- **HOW TO COMPLETE THIS TASK**
Every record, apart from its pictures, should be repeated exactly.

::: DATASET EXCERPTS :::

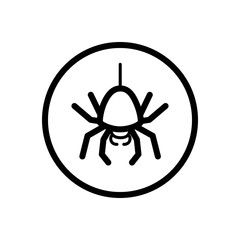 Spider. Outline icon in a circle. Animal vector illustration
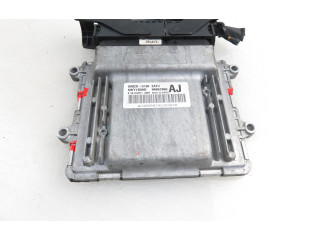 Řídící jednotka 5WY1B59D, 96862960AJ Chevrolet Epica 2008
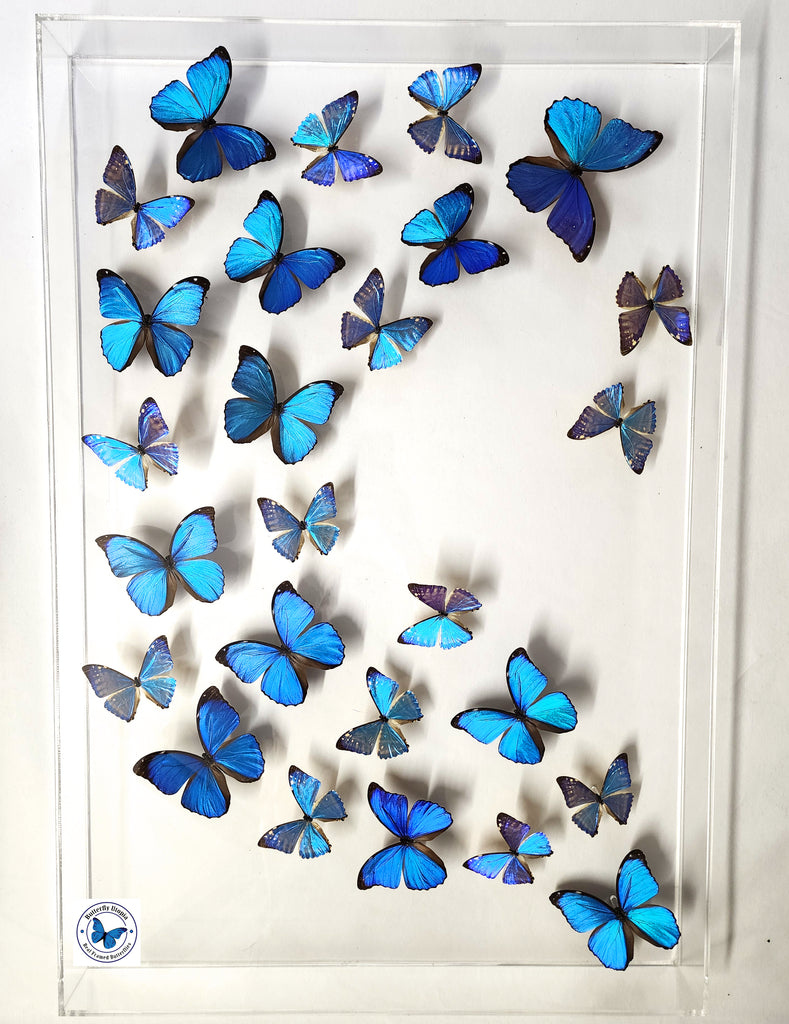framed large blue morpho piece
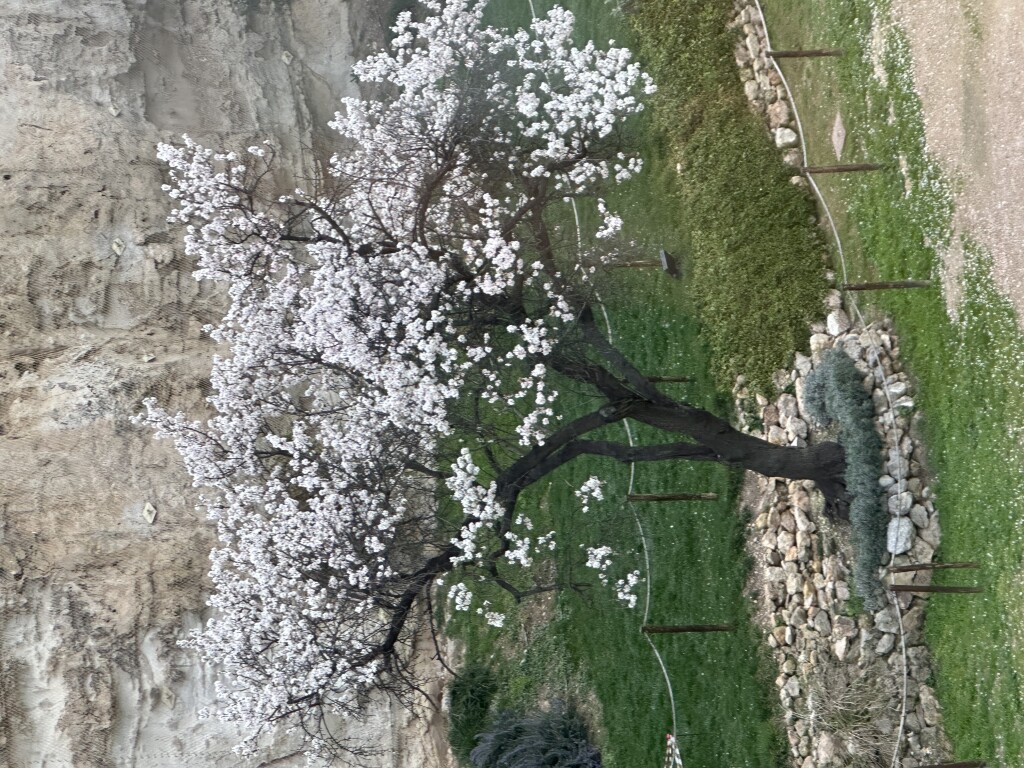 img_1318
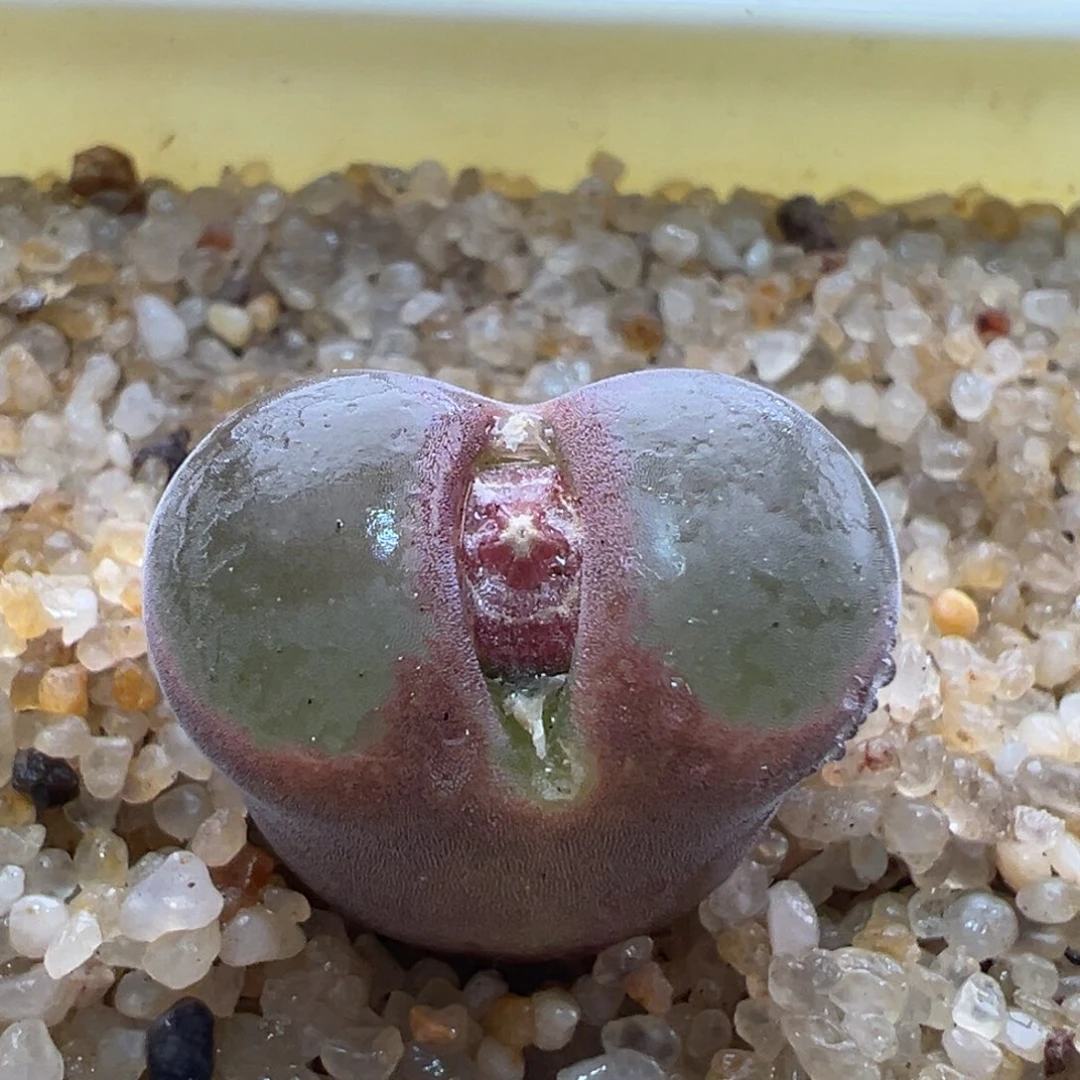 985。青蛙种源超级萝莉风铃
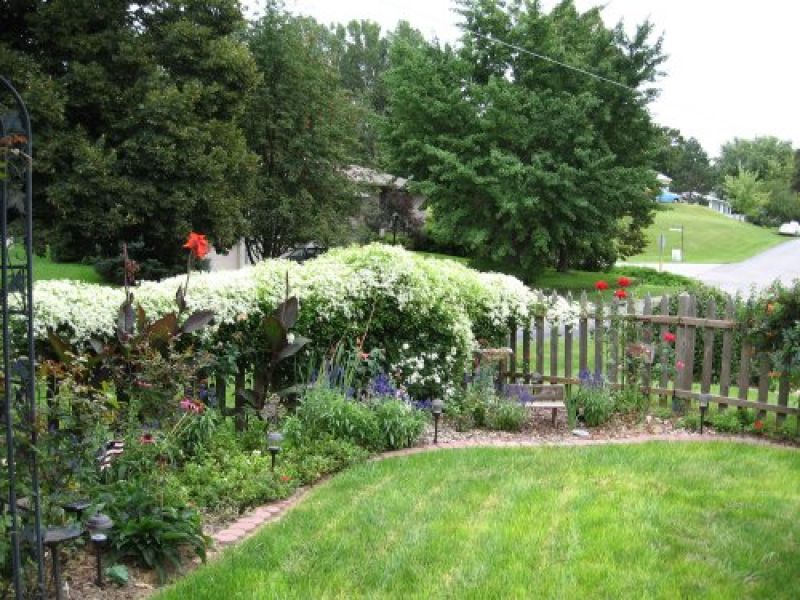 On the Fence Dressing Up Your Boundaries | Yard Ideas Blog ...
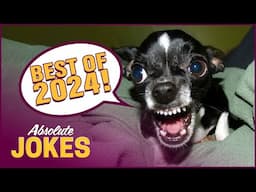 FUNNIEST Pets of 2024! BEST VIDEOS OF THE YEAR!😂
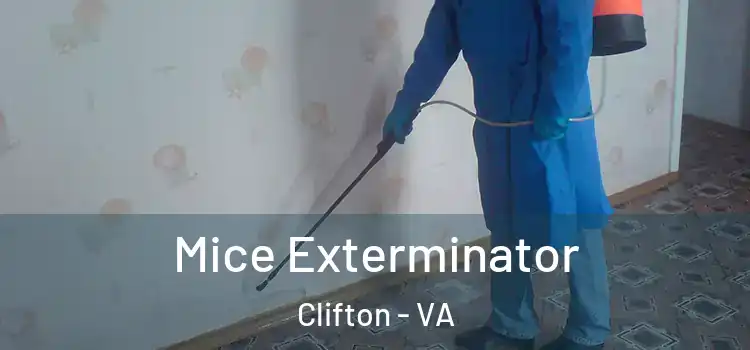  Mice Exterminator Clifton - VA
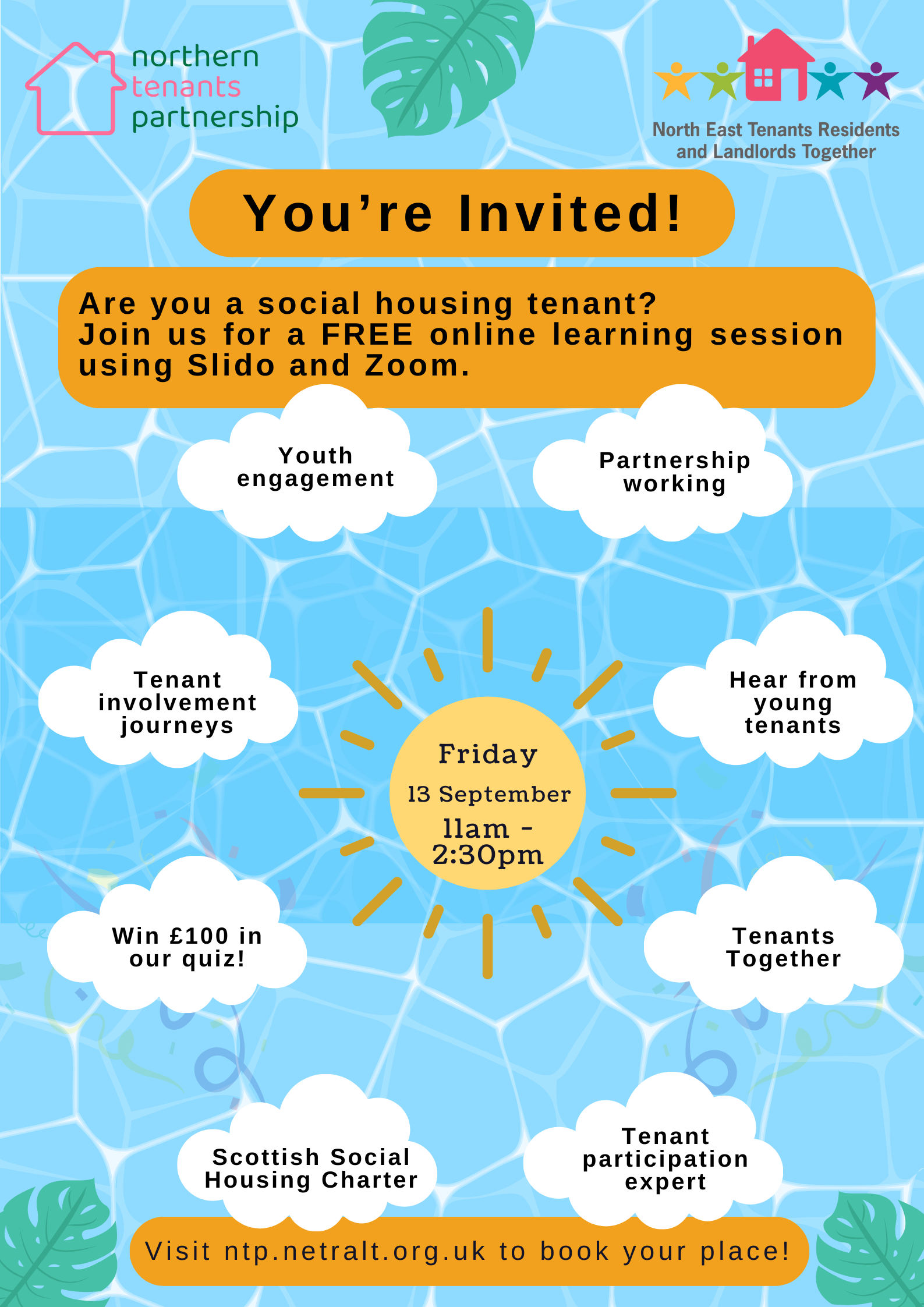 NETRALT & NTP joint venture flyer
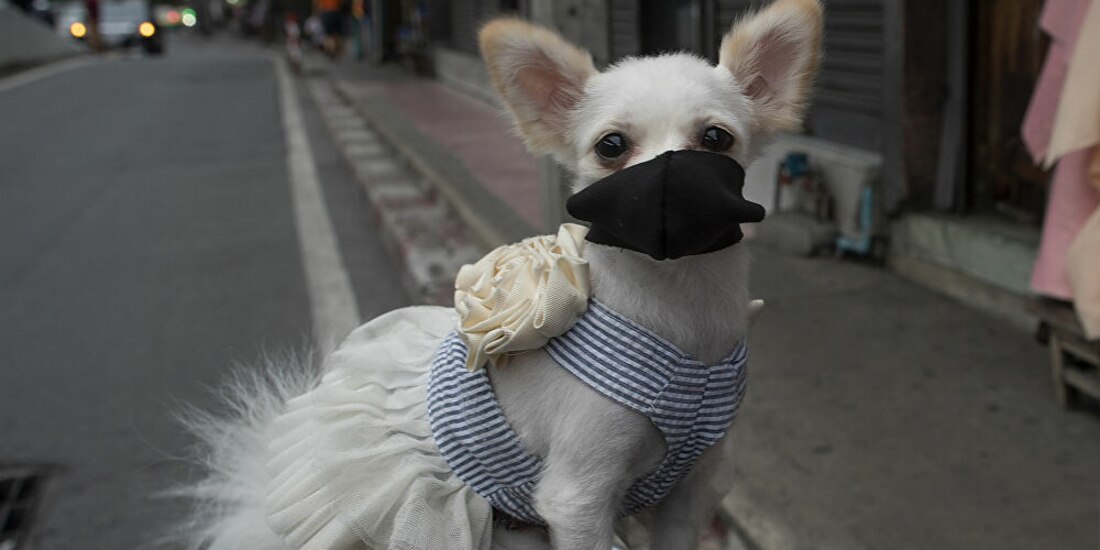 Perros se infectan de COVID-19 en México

:::

- **TASK SOLUTION**
 Spider. Outline icon in a circle. Animal vector illustration
 Řídící jednotka 5WY1B59D, 96862960AJ Chevrolet Epica 2008
framed large blue morpho piece
 img_1318
 985。青蛙种源超级萝莉风铃
 On the Fence Dressing Up Your Boundaries | Yard Ideas Blog ...
 FUNNIEST Pets of 2024! BEST VIDEOS OF THE YEAR!😂
  Mice Exterminator Clifton - VA
 NETRALT & NTP joint venture flyer
 Perros se infectan de COVID-19 en México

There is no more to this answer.